If a potential employer concludes that they are speaking with a deepfake during an interview, they are not obliged to continue the recruitment process. However, it is important that the decision is not based on subjective assumptions (such as appearance, accent or technical issues), but rather on specific, documented indicators. The European Union’s AI Act does not prohibit deepfake technology as such, but it requires transparency and clear disclosure. If a deepfake video, voice or image is created, it must be clearly and unambiguously indicated that it has been artificially generated. If a candidate fails to disclose this during a job interview, it constitutes a violation of the relevant regulation.

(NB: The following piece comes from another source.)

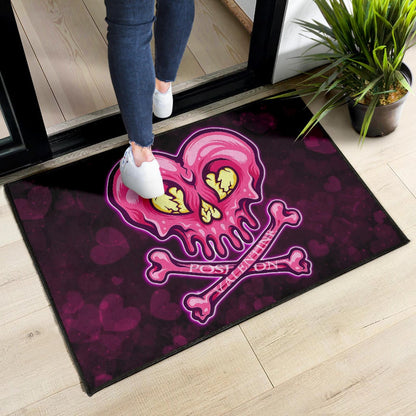 Valentine Door Mat Melting Heart Skull Poison Valentine Heart Background Door Mat Home Decor NT121103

Possible verification mechanisms

It is important to remember that effects similar to deepfakes can also be caused by poor internet connectivity, low camera quality, fatigue or technical issues. To ensure that honest candidates do not suffer due to such factors - and that companies themselves are not exposed to unnecessary risks - it is advisable to introduce several verification mechanisms simultaneously. These may include identity verification (in compliance with the General Data Protection Regulation, meaning only the data necessary for a specific purpose may be processed and candidates must be informed about the purpose of data processing), recording interviews (with prior notice), assessing a candidate’s digital footprint, or comparing candidates across multiple interview rounds. Deepfakes cannot always be detected during a single conversation. In many cases, it is a matter of attention, experience and additional security measures.

Automation cannot fully replace professional judgement

The deepfake phenomenon clearly demonstrates that artificial intelligence is not a panacea that automatically solves all problems. Every technological advancement simultaneously introduces new risks. AI can indeed help structure CV flows, identify the most suitable candidates, analyse competencies and accelerate the recruitment process. However, it also provides tools for those who wish to bypass the system. Automation cannot fully replace professional judgement, critical thinking and appropriate security measures. At Helmes Latvia, we always encourage clients and partners to carefully evaluate the necessity and proportionality of implementing AI solutions. The introduction of technology must go hand in hand with clear security mechanisms, well-designed internal processes and proper employee training.

AI can significantly facilitate recruitment, but we must not trust it blindly. The key lies in balance - ensuring human oversight and the ability to intervene in automated decision-making (the so-called human-in-the-loop principle). We can take advantage of technological progress while remaining aware of the risks and potential scenarios of malicious misuse.